- **Instructions to follow**
Transcribe exactly, please, the line bearing "EVN Lichttechnik LED" and all later lines through the end of the records, with the pictures left out.

- **The data**
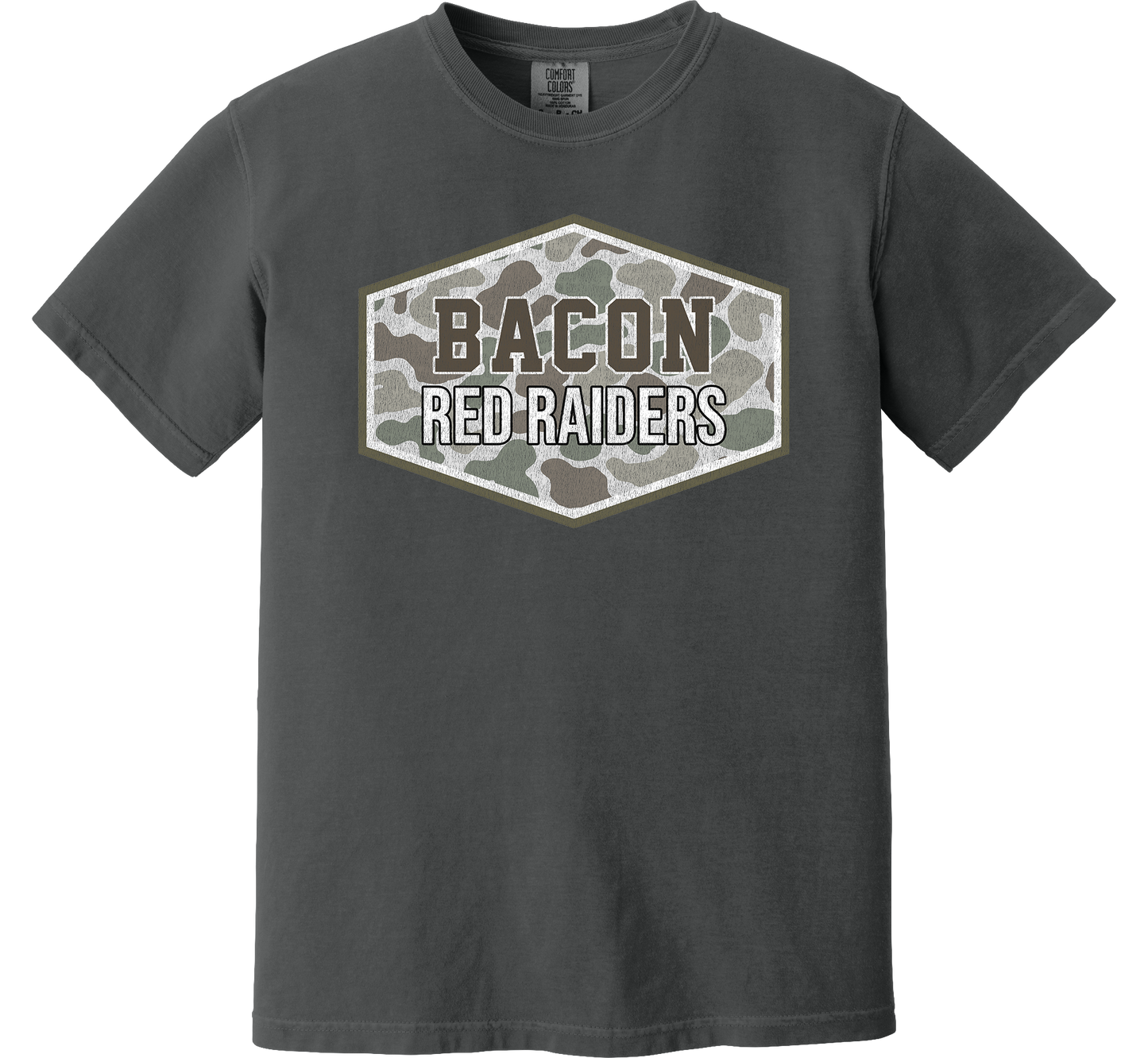 Bacon Red Raiders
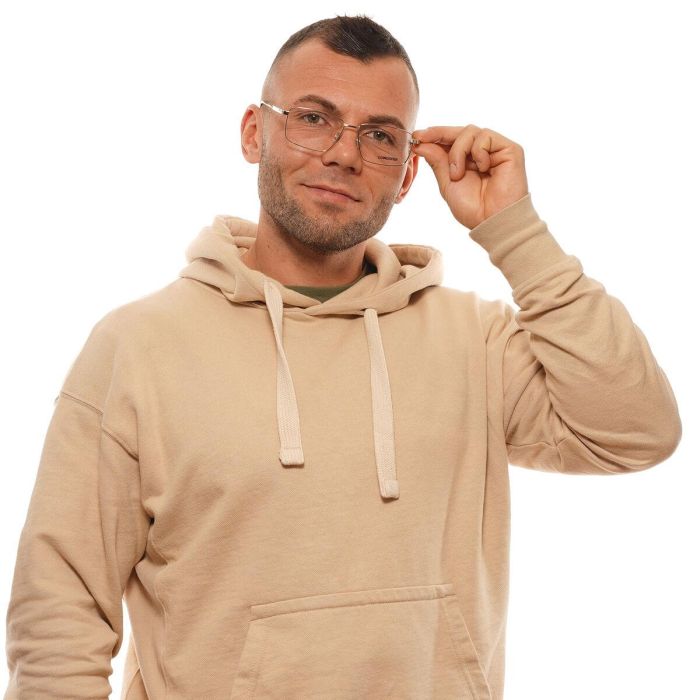 Montura de Gafas Hombre Longines LG5017-H-57032 Dorado ø 57 mm 1 Montura de Gafas Hombre Longines LG5017-H-57032 Dorado ø 57 mm 1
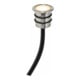EVN Lichttechnik LED EB-point lumineux 0,2W blanc chaud LD2 102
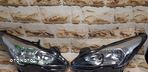 peugeot 3008 5008 lift 14 h7led europa lewa,prawa lampa - 1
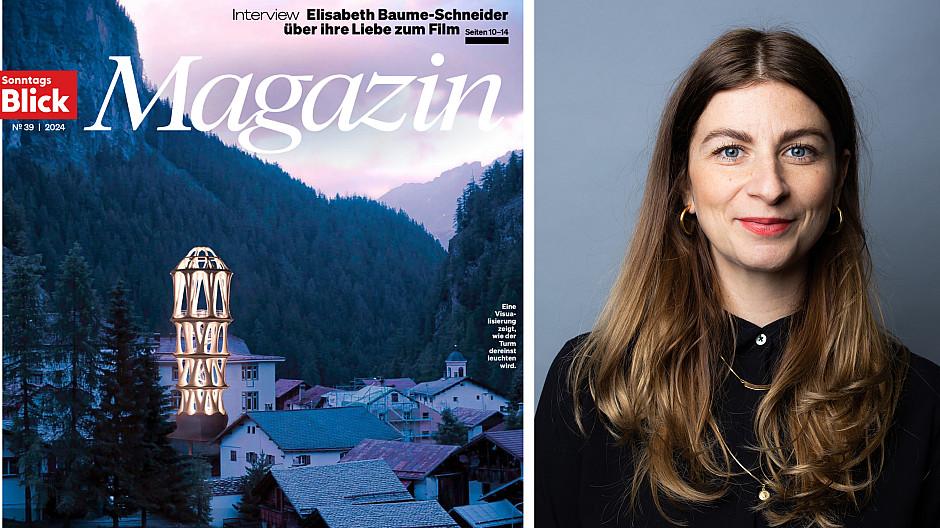 Ringier: Das SonntagsBlick-Magazin wird eingestellt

- **Task response**
EVN Lichttechnik LED EB-point lumineux 0,2W blanc chaud LD2 102
 peugeot 3008 5008 lift 14 h7led europa lewa,prawa lampa - 1
 Ringier: Das SonntagsBlick-Magazin wird eingestellt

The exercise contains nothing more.